The Bank of England has sounded the alarm over the increasingly important role a small number of mainly foreign hedge funds hold in financing government borrowing.
It warned the growing involvement of the firms in buying up UK bonds, known as gilts, raised the risk of markets becoming ‘disorderly’ and seizing up.
The Bank’s alert comes after hedge funds borrowed nearly £100billion against gilts last month – a record.
And it will add to growing concerns about the reliance of the UK on what has been described as ‘the kindness of strangers’ – or overseas investors – to finance the Government.
The concern centres on the ‘gilt repo’ market in which gilts are sold and repurchased for brief periods, often overnight.
The market serves an important function keeping cash and gilts moving through the financial system.
Debt burden: The Bank of England warned the growing involvement of the firms in buying up UK bonds raised the risk of markets becoming ‘disorderly’ and seizing up
The Bank flagged its concerns in its Financial Stability Report, citing previous shocks such as the 2022 meltdown in liability driven investments (LDIs) that hit pension funds.
Hedge funds are heavily involved in trades that involve bets on small discrepancies between current and future gilt prices as they seek returns.
The Bank said activity is ‘heavily concentrated’, with a few hedge funds accounting for more than 90 per cent of all net gilt repo borrowing.
It warned: ‘Relatively high use of leverage by a small number of firms taking crowded positions increases vulnerabilities and the risk of a disorderly unwind as well as a jump to illiquidity in core UK markets.’
Amid a ‘highly uncertain global environment’, a key concern is that funds might need to stage a fire sale of gilts in response to a shock. Forced selling could trigger a ‘feedback loop’, prompting even more selling.
The Bank said: ‘Funds could need to de-leverage simultaneously in response to a shock if funding conditions tightened to the extent that refinancing became unavailable or prohibitively expensive.’
The dominance of foreign funds in the market adds to the worries. Hedge funds managed outside the UK account for about 60 per cent of gilt repo borrowing, making them harder for British regulators to monitor.
Hedge funds have become increasingly important players as insurers and pension funds – traditionally the main buyers of gilts – retreat.
Separately, the Bank stepped up monitoring of private markets, which now play a key role in global finance.
It plans its first stress-test on risks posed by private markets – scrutiny previously reserved for banks.
AI boom is ‘like dotcom bubble’
Artificial intelligence (AI)stocks could be in a bubble even if the technology transforms the world, the Bank of England’s governor has warned.
Andrew Bailey said it was ‘not inconsistent’ that even if the tech reshapes society, the frenzy for related shares could be overdone.

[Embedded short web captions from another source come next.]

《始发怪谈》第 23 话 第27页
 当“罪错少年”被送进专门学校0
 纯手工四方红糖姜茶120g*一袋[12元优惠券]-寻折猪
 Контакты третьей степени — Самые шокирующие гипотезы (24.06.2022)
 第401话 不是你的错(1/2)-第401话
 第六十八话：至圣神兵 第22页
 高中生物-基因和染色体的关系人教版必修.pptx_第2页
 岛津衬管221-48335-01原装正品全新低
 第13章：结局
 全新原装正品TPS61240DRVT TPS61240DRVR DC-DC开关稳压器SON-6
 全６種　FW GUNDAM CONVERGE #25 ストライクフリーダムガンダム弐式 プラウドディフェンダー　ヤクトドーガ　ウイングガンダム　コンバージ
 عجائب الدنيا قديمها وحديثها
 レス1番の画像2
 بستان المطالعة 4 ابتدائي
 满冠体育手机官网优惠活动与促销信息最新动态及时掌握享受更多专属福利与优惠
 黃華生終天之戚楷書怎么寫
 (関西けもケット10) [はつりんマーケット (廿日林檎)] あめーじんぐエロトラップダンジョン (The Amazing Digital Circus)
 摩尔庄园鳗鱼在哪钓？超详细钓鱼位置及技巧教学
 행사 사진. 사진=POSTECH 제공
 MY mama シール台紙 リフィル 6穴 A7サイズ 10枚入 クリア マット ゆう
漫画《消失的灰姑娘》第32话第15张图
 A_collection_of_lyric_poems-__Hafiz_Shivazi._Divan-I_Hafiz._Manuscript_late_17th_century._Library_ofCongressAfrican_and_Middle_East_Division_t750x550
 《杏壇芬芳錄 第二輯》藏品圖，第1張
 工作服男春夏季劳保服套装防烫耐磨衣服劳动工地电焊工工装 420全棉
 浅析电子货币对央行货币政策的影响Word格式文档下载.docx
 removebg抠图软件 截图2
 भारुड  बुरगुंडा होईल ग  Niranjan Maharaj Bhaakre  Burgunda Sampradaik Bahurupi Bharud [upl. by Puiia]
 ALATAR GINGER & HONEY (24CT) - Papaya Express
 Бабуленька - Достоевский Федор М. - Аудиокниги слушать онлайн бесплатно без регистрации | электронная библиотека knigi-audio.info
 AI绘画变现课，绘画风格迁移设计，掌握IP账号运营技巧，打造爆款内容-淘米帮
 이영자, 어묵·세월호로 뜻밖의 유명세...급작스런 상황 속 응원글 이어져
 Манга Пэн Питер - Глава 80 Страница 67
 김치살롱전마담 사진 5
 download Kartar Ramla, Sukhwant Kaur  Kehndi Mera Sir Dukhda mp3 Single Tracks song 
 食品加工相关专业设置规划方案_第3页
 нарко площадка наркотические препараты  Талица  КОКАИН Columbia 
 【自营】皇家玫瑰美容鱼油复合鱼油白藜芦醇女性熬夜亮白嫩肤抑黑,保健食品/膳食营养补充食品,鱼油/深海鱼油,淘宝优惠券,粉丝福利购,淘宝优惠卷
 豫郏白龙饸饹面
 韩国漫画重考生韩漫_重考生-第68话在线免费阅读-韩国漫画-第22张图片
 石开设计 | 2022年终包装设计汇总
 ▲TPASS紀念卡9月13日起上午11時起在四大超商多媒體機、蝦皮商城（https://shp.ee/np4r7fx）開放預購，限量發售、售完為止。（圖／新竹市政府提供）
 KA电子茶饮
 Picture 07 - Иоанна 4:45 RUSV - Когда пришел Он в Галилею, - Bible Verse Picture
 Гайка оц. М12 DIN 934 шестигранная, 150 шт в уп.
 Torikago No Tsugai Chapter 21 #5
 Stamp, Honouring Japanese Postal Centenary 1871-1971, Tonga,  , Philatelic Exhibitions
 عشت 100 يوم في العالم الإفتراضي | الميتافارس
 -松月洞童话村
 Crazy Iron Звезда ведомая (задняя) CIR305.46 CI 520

Bailey made the warning as the Bank said stock market valuations in the US are ‘close to levels not seen since the dotcom bubble’ 25 years ago – and in the UK since the global financial crisis of 2008.
‘This heightens the risk of a sharp correction,’ the Bank said in its Financial Stability Report.
Similar concerns about an AI bubble have also been expressed by the International Monetary Fund and the European Central Bank.
The anxiety stems from stellar share price gains at firms such as Nvidia as investors bet on the AI revolution. The mania for these shares has helped drive stock markets to record highs.
Bailey drew a distinction between the current situation and the dotcom bubble as new tech giants do generate cash – and were ‘not created on hope’ as some were in the 1990s.